Friday, March 7, 2014

Index Selectivity in SQL Server


Index Selectivity in SQL Server

Index selectivity describes distribution of distinct values in a given data set.


To more generalize the term count the number of row and number of distinct values in a given column across all rows then divide count of distinct values by number of rows, the result in a ratio describe the selectivity of the index.


Better the selectivity more useful the index is and used by query optimizer.

There’s a common piece of advice given about columns in an index key that says that the most selective column should go first. It's correct, but the problem is that it’s often given without any explanation as to why the most selective column should go first, nor are the other considerations for index key order mentioned.
This can lead to misunderstandings like, in the extreme case, where one person after hearing that advice went and added the primary key column as the leading column of every single nonclustered index (because it’s highly selective), and then wondered why his database performance decreased dramatically.
The comment about selectivity is because of the way SQL keeps statistics on indexes. SQL only keeps the histogram for the first column of the index. That means that it only knows the actual distribution of values of the first column. If the first column is not selective, the index may not be used.
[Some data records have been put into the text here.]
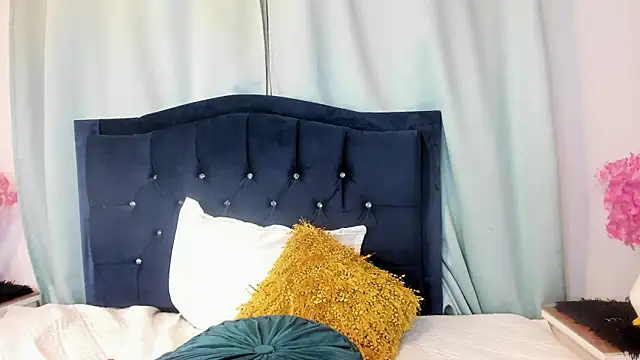 Inaya_Khalifa's cam snapshot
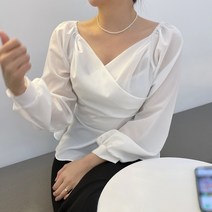 라벨라즈 / [여신 블라우스] 브이넥 쉬론 프릴 랩 블라우스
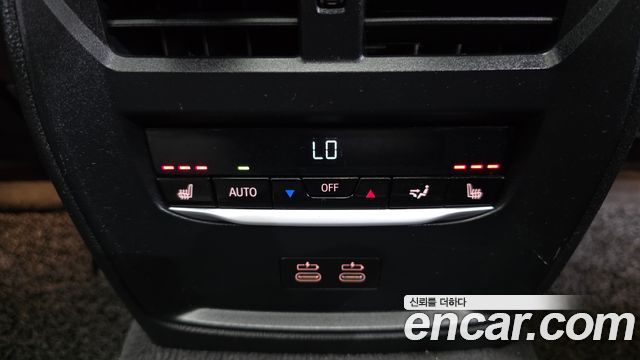 BMW 3-Series 320i Luxury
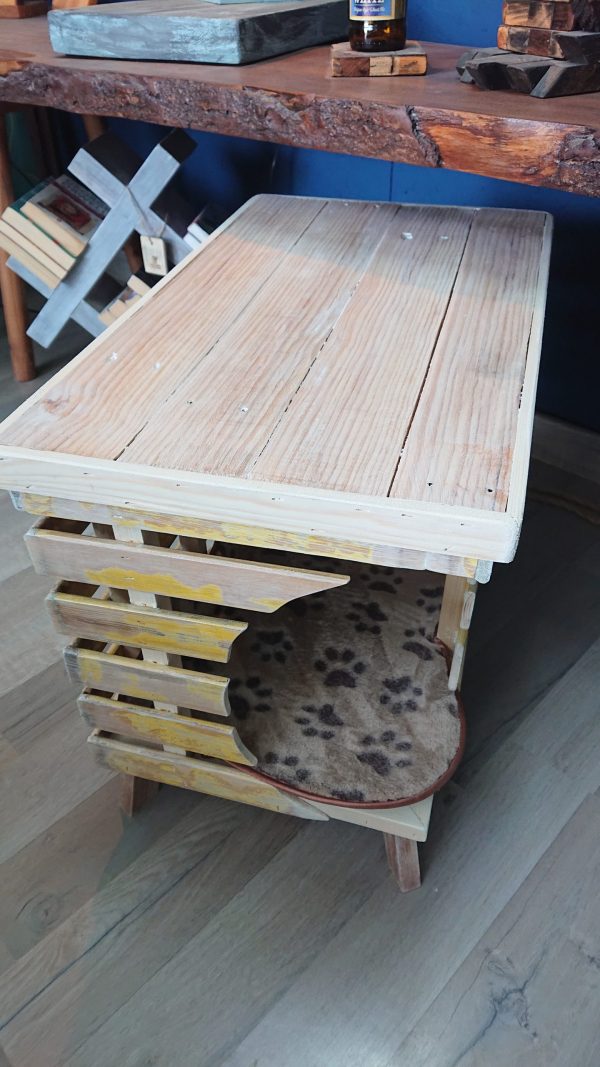 Two-tier rustic style, recycled wood cat bed - Image 4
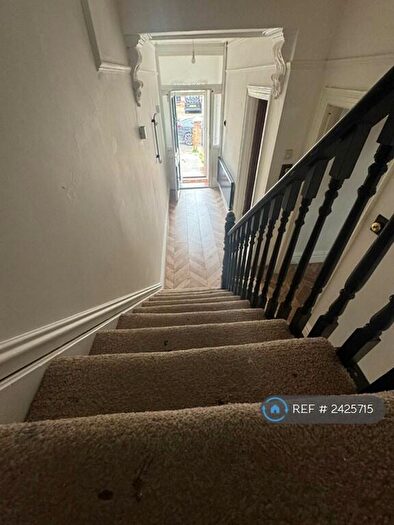 4 Bedroom Semi-Detached House To Rent In Bridge Road, Grays, RM17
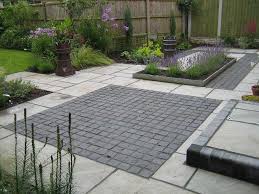 Natural Stone Paving Tips For A Patio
However, that’s not the whole story.
SQL also, in addition to the histogram, keeps density values for all of the left-based subsets of the index keys. So, for a 4 column index key, SQL knows the density of the first column, of the first and second columns, first and second third columns and of all four columns. The density is, in a nutshell, a value that shows how unique the set of columns is. It’s 1/(distinct values). The value can be seen for any index using DBCC Show_Statistics with the DENSITY_VECTOR option.
This means, while SQL only knows the actual data distribution of the first column, it does know, on average, how many rows will be returned by an equality match on any left-based subset of the index keys.
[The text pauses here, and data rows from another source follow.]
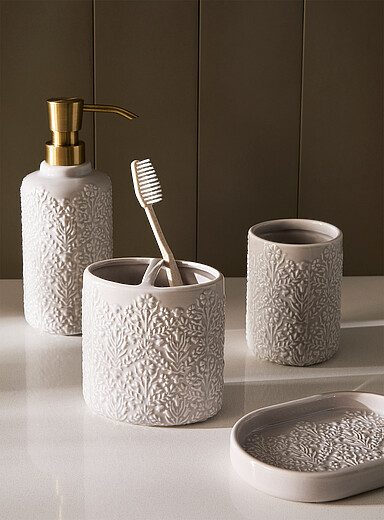 Les accessoires gris v&eacute;g&eacute;tation relief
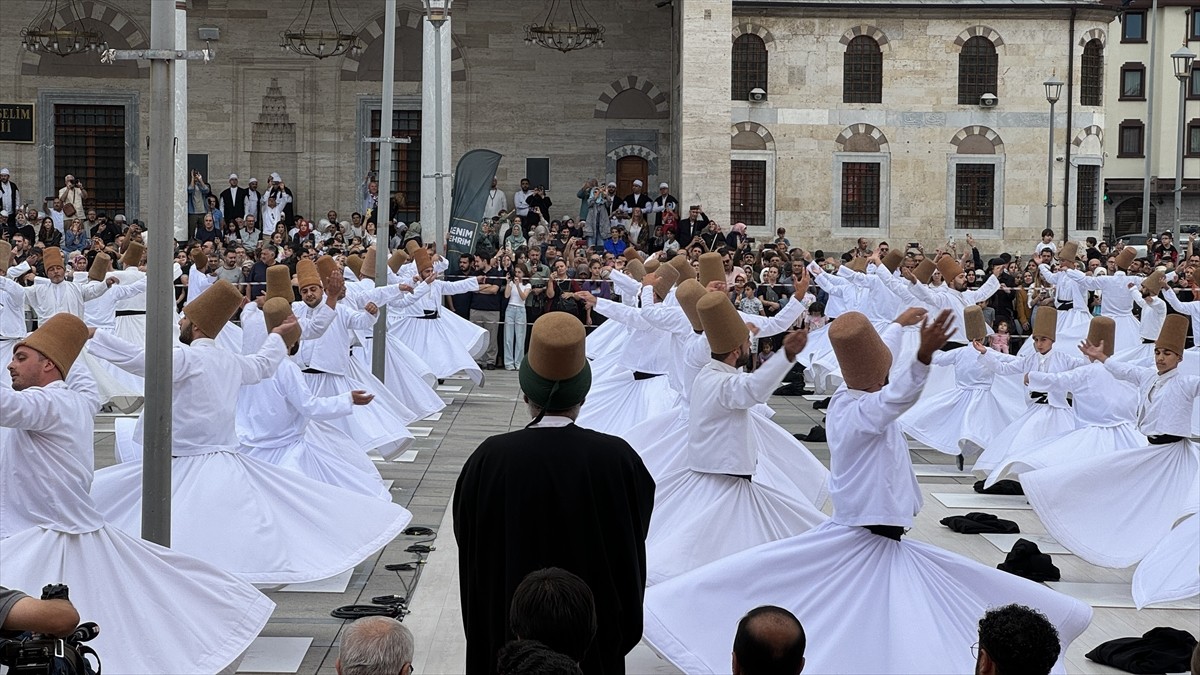 Konya'da düzenlenen 21. Uluslararası Konya Mistik Müzik Festivali'nin açılışında 99 semazen sema...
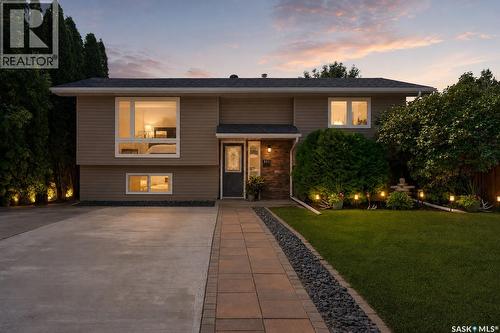 951 Holdsworth Crescent, Moose Jaw, SK - Outdoor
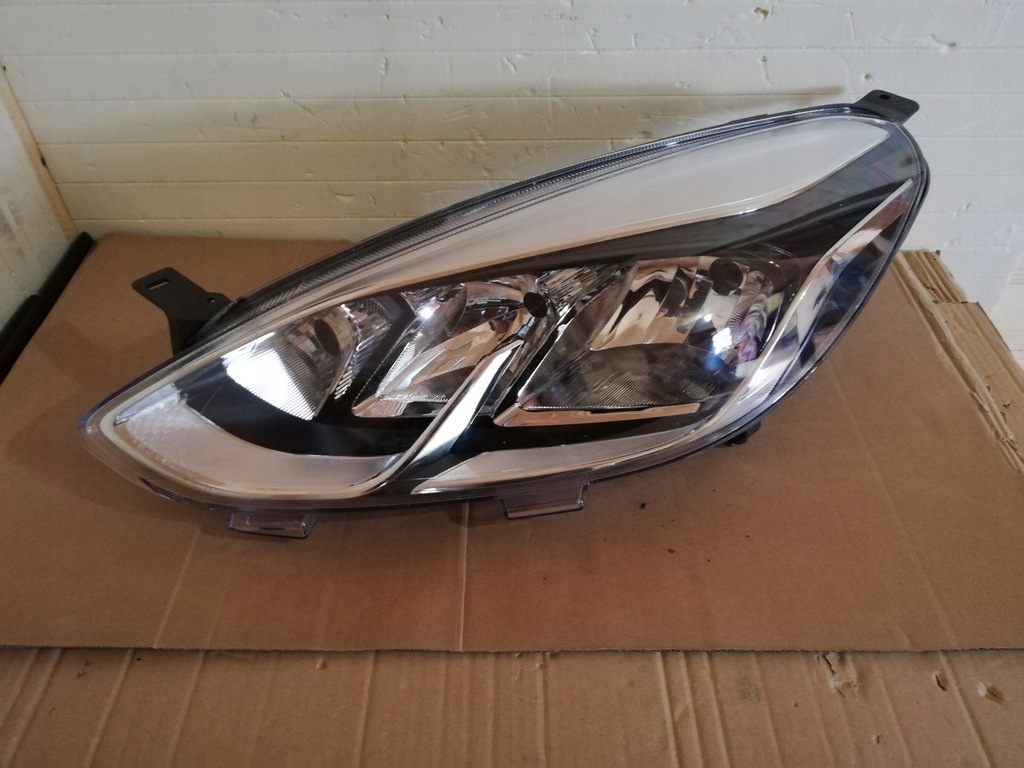 фото №1, Лампа перед ford fiesta mk8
Therefore, a good rule for the order of columns in an index key is to put the most selective columns first, when all other considerations are equal.



Refer below query on employee table having four columns Id,Name,Addr,Dept

SELECT * FROM Employee
-- CREATE INDEX idx_Employee ON Employee(id,Name,Addr)
-- CREATE INDEX idx_Employee1 ON Employee(Addr,Name,id)
DBCC SHOW_STATISTICS(Employee,'idx_Employee')
-- DBCC SHOW_STATISTICS(Employee,'idx_Employee1')